Four weeks had passed since Timothy has started taking the Distracterall. He sat at the dinner table, playing his GeoPad with his visor on. He was playing a new game where he could virtually fight ultra-realistic space invaders and with the updated GeoPad visor his mother had just given him, he was able to control his avatar’s movements completely with his thoughts. This left his hands free for eating and whatever else kids like to do.
Patricia could remember a time, not long ago, when she would ask Timothy about his day at school and he would just be staring blankly at the residue of the dressing as it slowly made it’s way down the sides of the glass salad bowl, but this was much better.

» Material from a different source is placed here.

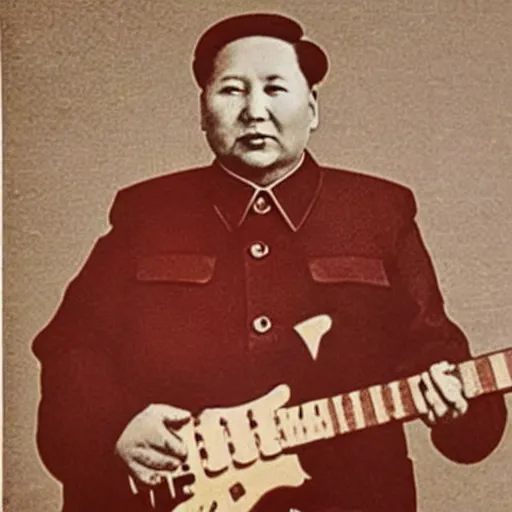 Prompt: chairman mao figure skating while playing electric guitar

He was doing things. He was playing.
“How was your day at school?” asked Patricia.
“Mom. I’m busy. I’m on a way high level. Stop distracting me.”
Patricia smiled. Her son was cured!
The year was 2041 and Timothy was sitting by his daughter, Viv, in the doctor’s office. Her eyes darted from place to place.
“She can’t seem to really ever be present anywhere,” said Timothy. “I don’t know how she’s feeling. Sometimes I’m not even sure she knows how she is feeling.”
Viv had hopped up from her seat and was playing drums on the scale with a couple of tongue depressors.
“This has been popping up more and more lately,” said Dr. Pitesky. “It is actually quite similar to an ailment that had it’s heyday at the end of the last century. We thought it was gone, like polio.”
Viv was seeing how many cotton balls she can stuff into her cheeks.
“There was a drug that treated this before and we do have an updated, much more powerful formula. It should clear this right up,” said Dr. Pitesky.
Viv was using a stethoscope to hang from the coat rack.
“Well, let’s get her on that right away. What’s it called?” asked Timothy.
“It’s called Adderall. It’s quite effective.”
Six weeks later Timothy took a deep breath as he sat at the park with Viv. She sat totally still, calmly and quietly beside him as all the other kids ran amok.
“She’s so well behaved,” he thought. “Her future will be bright.”